### Problem details
Write out each record below exactly, but not the pictures.

--- Exercise data Enclosed Below ---

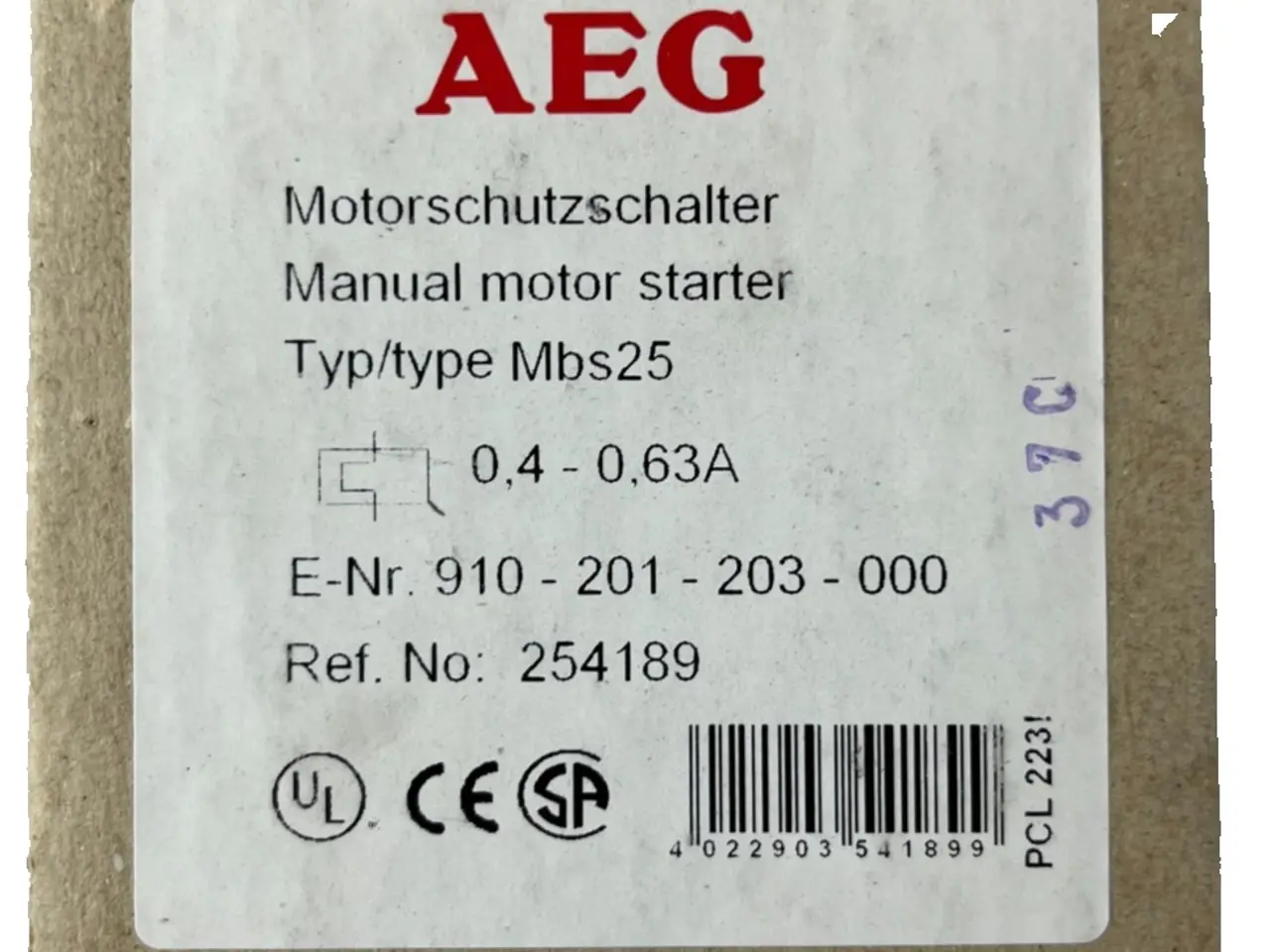 Billede 1 - AEG Mbs25 Manual Motor Starter 0.4–0.63A 3‑Pole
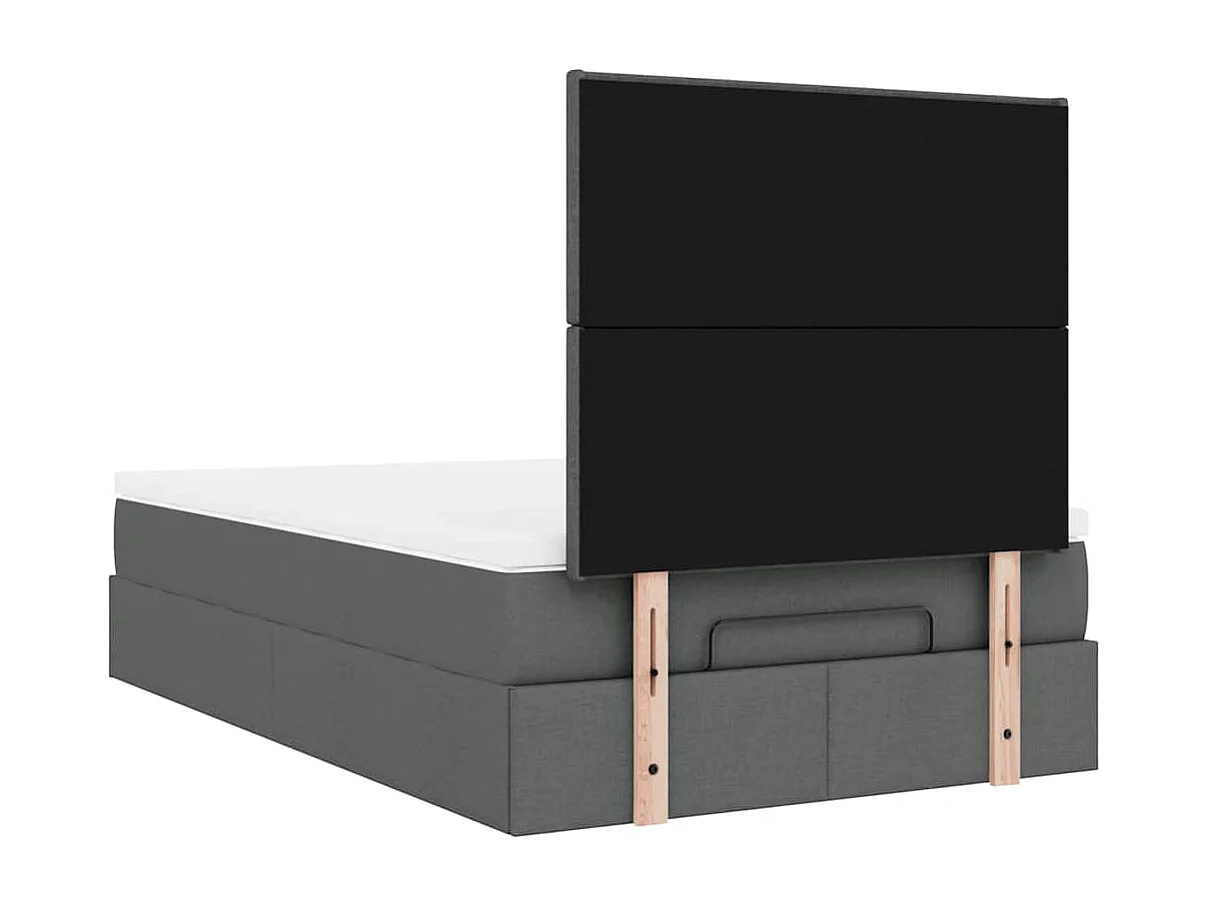 Ottoman bed met matras en LED's 120x200cm stof donkergrijs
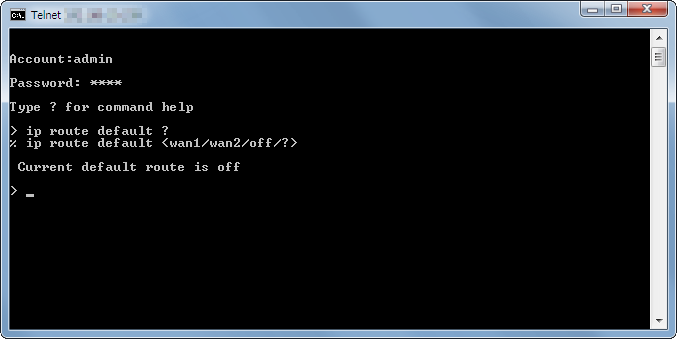 Configure default route Configure default route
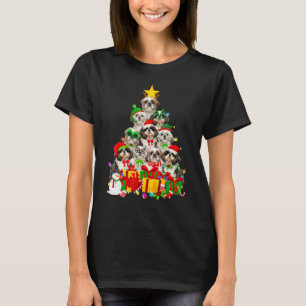 Christmas Tree Xmas Lights Shih Tzu Dog Puppy  Dog T-Shirt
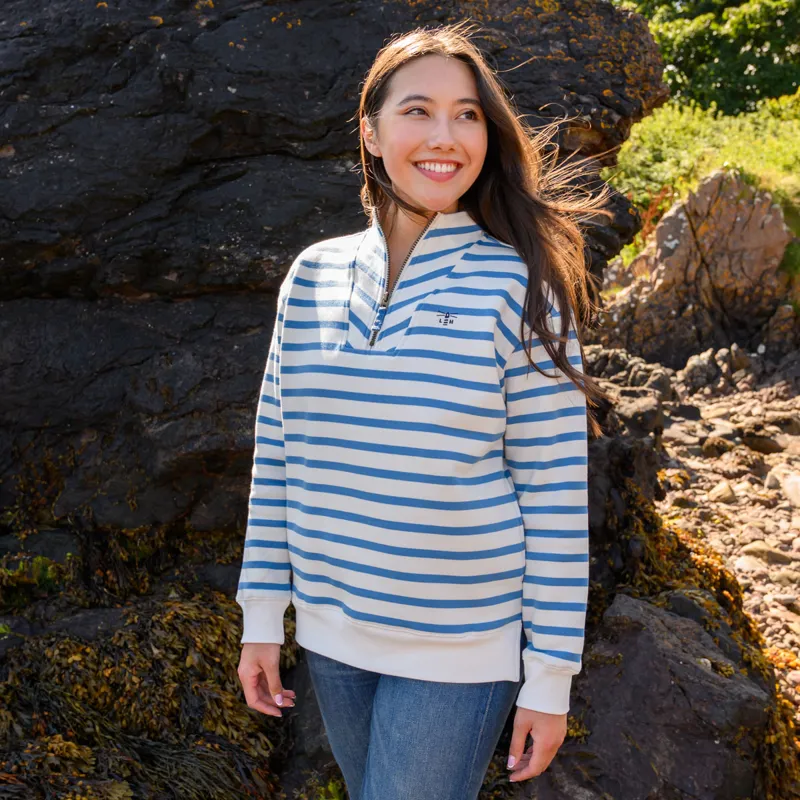 Lighthouse Coral Ladies Jersey Sweater -  Marine Blue Stripe-12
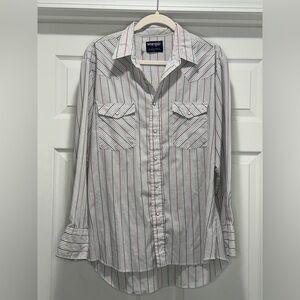Wrangler Men’s striped PEARL SNAP shirt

--- End of Enclosed Exercise data ---

### Result of this exercise
 Billede 1 - AEG Mbs25 Manual Motor Starter 0.4–0.63A 3‑Pole
 Ottoman bed met matras en LED's 120x200cm stof donkergrijs
 Configure default route Configure default route
 Christmas Tree Xmas Lights Shih Tzu Dog Puppy  Dog T-Shirt
 Lighthouse Coral Ladies Jersey Sweater -  Marine Blue Stripe-12
Wrangler Men’s striped PEARL SNAP shirt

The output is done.